Chloe Grace Moretz Takes the Lead in This Feminist WWII/Monster Movie

Directed by Roseanne Liang

Starring Chloe Grace Moretz, Nick Robinson, Taylor John Smith

Rated R

Released January 1st, 2021

In 1943, Flight Officer Maude Garrett (Chloe Grace Moretz) boards a B-17 bomber named The Fool’s Errand, informing the crew she has a classified mission and top-secret package to deliver during their flight from Auckland to Samoa. The misogyny and harassment Maude endures over the course of her trip is immediate and unrelenting, thanks to the toxic masculinity ever-present in 1940s (and some could argue current day) America. 

Maude handles the crew’s inappropriate comments with the stoicism of someone used to hearing such things, though she is not slow to stand up for herself when pushed too far. The crew, upset about having a woman on board, put her in the bomber’s ball turret as the plane flies to its destination. Maude is forced to hand her very important package over to one of the crewmen, Staff Sergeant Walter Quaid (Taylor John Smith), one of the only people on board who greeted her with kindness. 

What is Maude’s mission, what is her top-secret cargo, and will this crew keep their mitts off her?
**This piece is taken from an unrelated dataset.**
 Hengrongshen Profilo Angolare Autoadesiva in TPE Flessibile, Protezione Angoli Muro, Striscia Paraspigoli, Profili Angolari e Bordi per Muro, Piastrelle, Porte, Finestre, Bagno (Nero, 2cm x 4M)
Before we get the answers to those questions, Japanese forces attack. To complicate matters, so do gremlins. The bat-like creatures start ripping the plane apart and chaos ensues. Predictably, the crew is so much cannon fodder, but just because you can see where the story is going doesn’t mean the journey isn’t a good time. 

At times Shadow in the Cloud is a one-woman show, with long passages that focus solely on Maude while the rest of the crew (including Nick Robinson, and a stand-out Byron Coll) is only heard over comms. This brings to mind the excellent Steven Knight film Locke, which similarly isolated Tom Hardy, and recalls radio dramas from the 1930s, like SuspenseX Minus 1, and Escape

While not the best film she’s been involved with (that would be Clouds of Sils Maria), this is probably my favorite performance yet from Chloe Grace Moretz. She carries the film with a steely precision that most actors would kill for, juggling accents, action, and tears. 

Moretz has commented that the filmmakers distanced themselves from original screenwriter Max Landis after he was accused of sexual assault prior to production, and that the script had been re-written numerous times by director Roseanne Liang.

A feminist war film/monster movie/period piece, the tone for this project could have been all over the place. But Director/Co-Writer Liang knows exactly what she’s shooting for and pulls together the disparate threads nicely. This includes an over-the-top ending battle, with allusions to Road House, which I imagine would play to cheers at midnight screenings in the years to come. The CGI on the gremlins is as impressive as you’d expect, given that the effects were handled by legendary SFX studio WETA. 

Mahuia Bridgman-Cooper’s wonderful score colors the action and peril with out-of-time electronic blips and bloops reminiscent of Daft Punk’s work on Tron: Legacy. I also appreciated the use of Hounds of Love by Kate Bush over the end credits, as we are treated to archival footage of women serving in the Air Force during World War Two.

Despite its ominous title, Shadow in the Cloud is more interested in delivering pulpy fun than terrifying scares. If you enjoy creature features, there is plenty of fun to be had.